Life Insurance: Provides financial security for your loved ones in the event of your passing.
Health Insurance: Covers medical expenses in case of illness or injury.
Disability Insurance: Replaces a portion of your income if you’re unable to work due to illness or disability.
Car Insurance: Mandatory by law, it protects you financially in case of an accident.
By having the right insurance in place, you can turn a potentially devastating event into a manageable setback. Peace of mind is priceless, and knowing your family and assets are protected allows you to focus on your financial goals with confidence.

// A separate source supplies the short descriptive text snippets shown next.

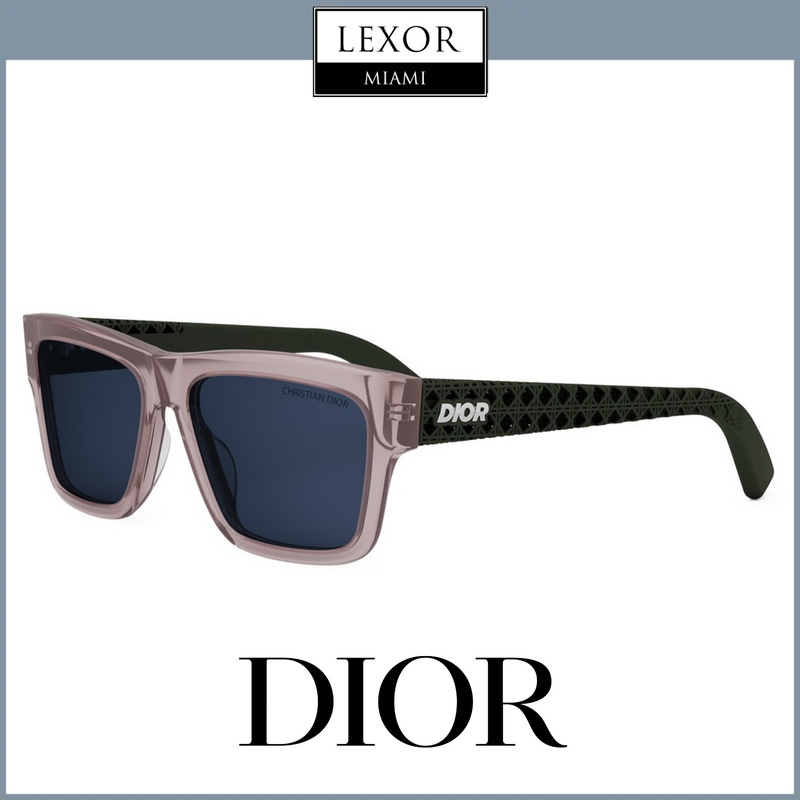 Dior Sunglasses DIOR3D S2I DM40142I 5672V Woman upc Dior Sunglasses DIOR3D S2I DM40142I 5672V Woman upc
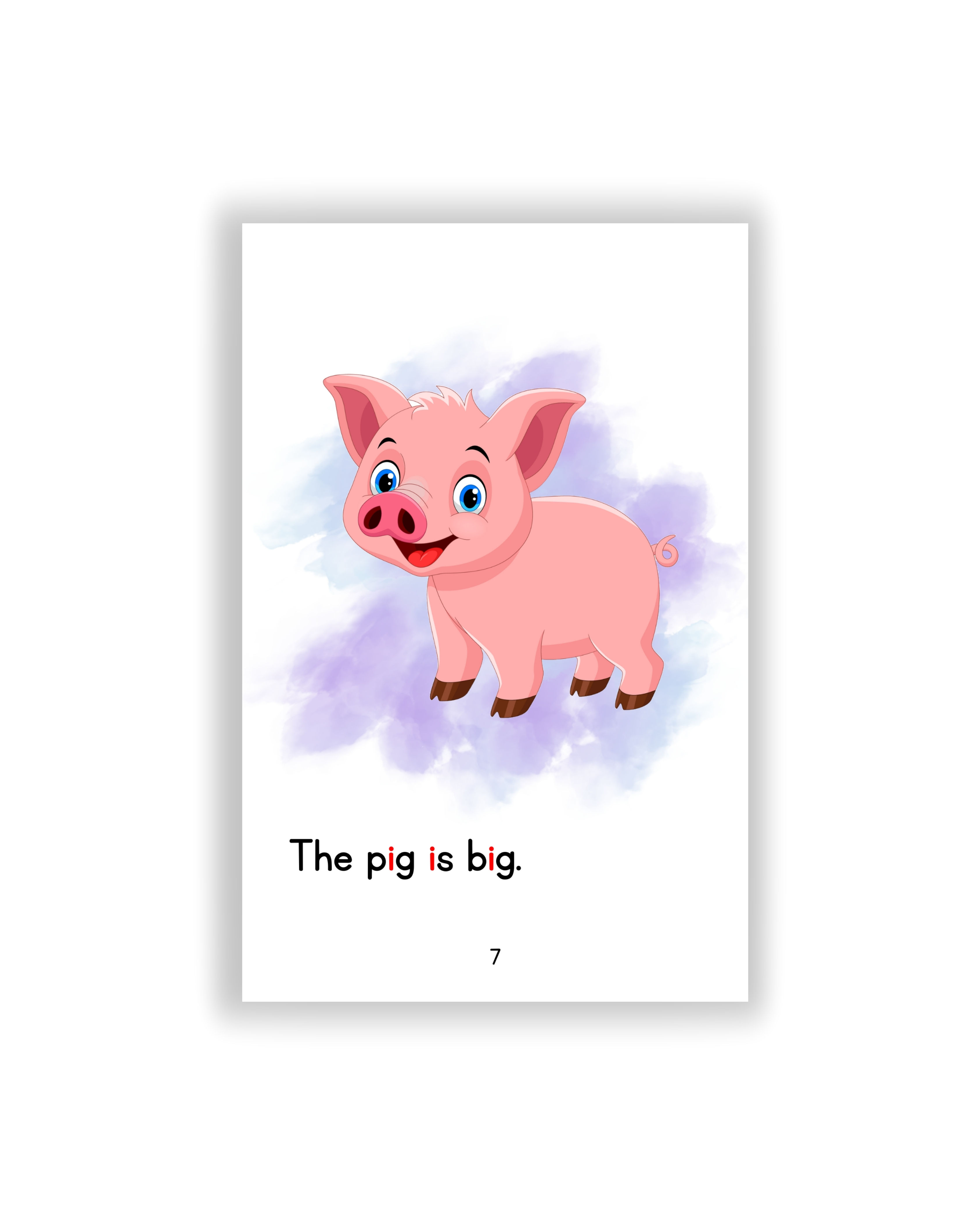 Tim and the Pig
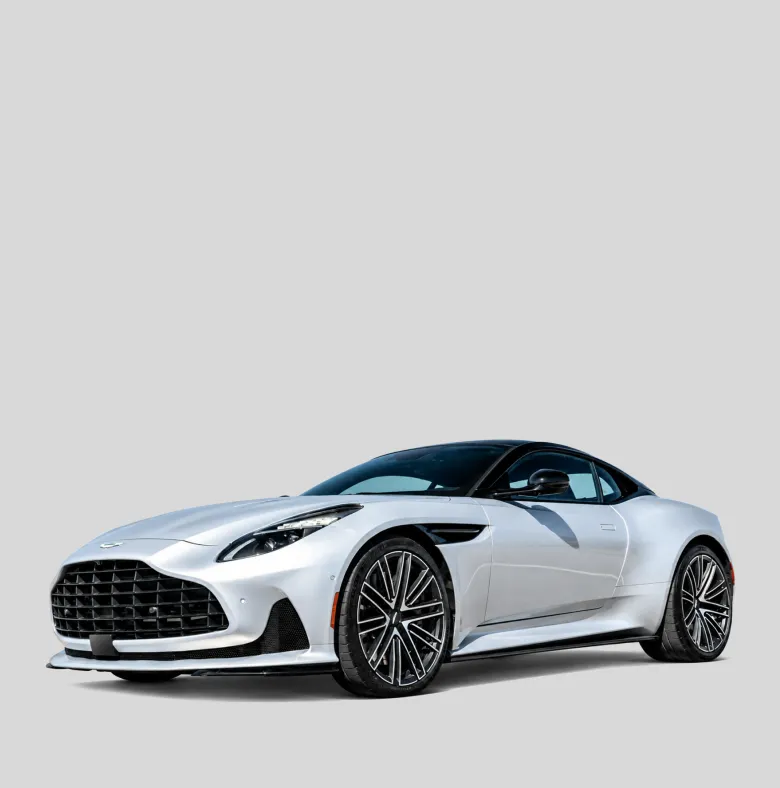 Aston Martin - Sell your Aston Martin call to action mobile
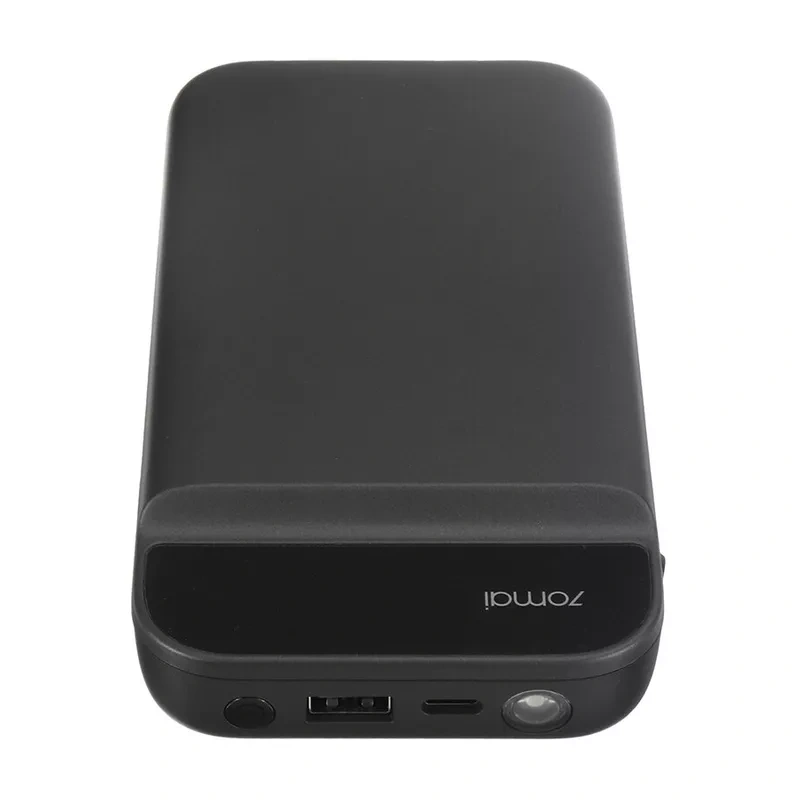 Портативное пуско-зарядное устройство Xiaomi 70Mai Jump Starter - 2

Step 9: Chart Your Course to Retirement
Living comfortably in your golden years requires a well-defined retirement plan. Here’s what you need to consider:
Retirement Needs: Estimate how much money you’ll need to maintain your desired lifestyle after retirement. Remember to factor in inflation, which erodes the purchasing power of your money over time.
Savings & Investments: Start saving and investing early to accumulate a sufficient retirement corpus. Explore tax-efficient options like Individual Savings Accounts (ISAs) that offer tax benefits on contributions and potential growth.
Don’t let the seemingly distant prospect of retirement deter you from taking action. The earlier you start planning and saving, the more time your money has to grow through compound interest.
A well-crafted retirement plan empowers you to design your ideal future. So, start planning today and look forward to a financially secure and fulfilling retirement!
Step 10: Persistence is Key
Building financial freedom isn’t always smooth sailing. There will be tough days, weeks, or even months. But with discipline, a sound plan, and a commitment to living within your means, you’ll be surprised at the positive impact.
It’s okay to make mistakes with your money. We all do! Sometimes the urge to splurge might be tempting, or you might feel like ditching your entire plan because it feels restrictive.
Here’s the trick:
Review and Refine: View setbacks as learning opportunities. Review your budget and spending habits regularly, and adjust your plan as needed.
Celebrate Milestones: Recognise and celebrate your progress! Reaching financial goals, big or small, is a cause for celebration.
Forgive Yourself: Everyone makes mistakes. Don’t beat yourself up if you overspend occasionally. Just get back on track and keep moving forward.
Remember, consistency is key. The more you stick to your plan, the closer you’ll get to achieving your financial dreams.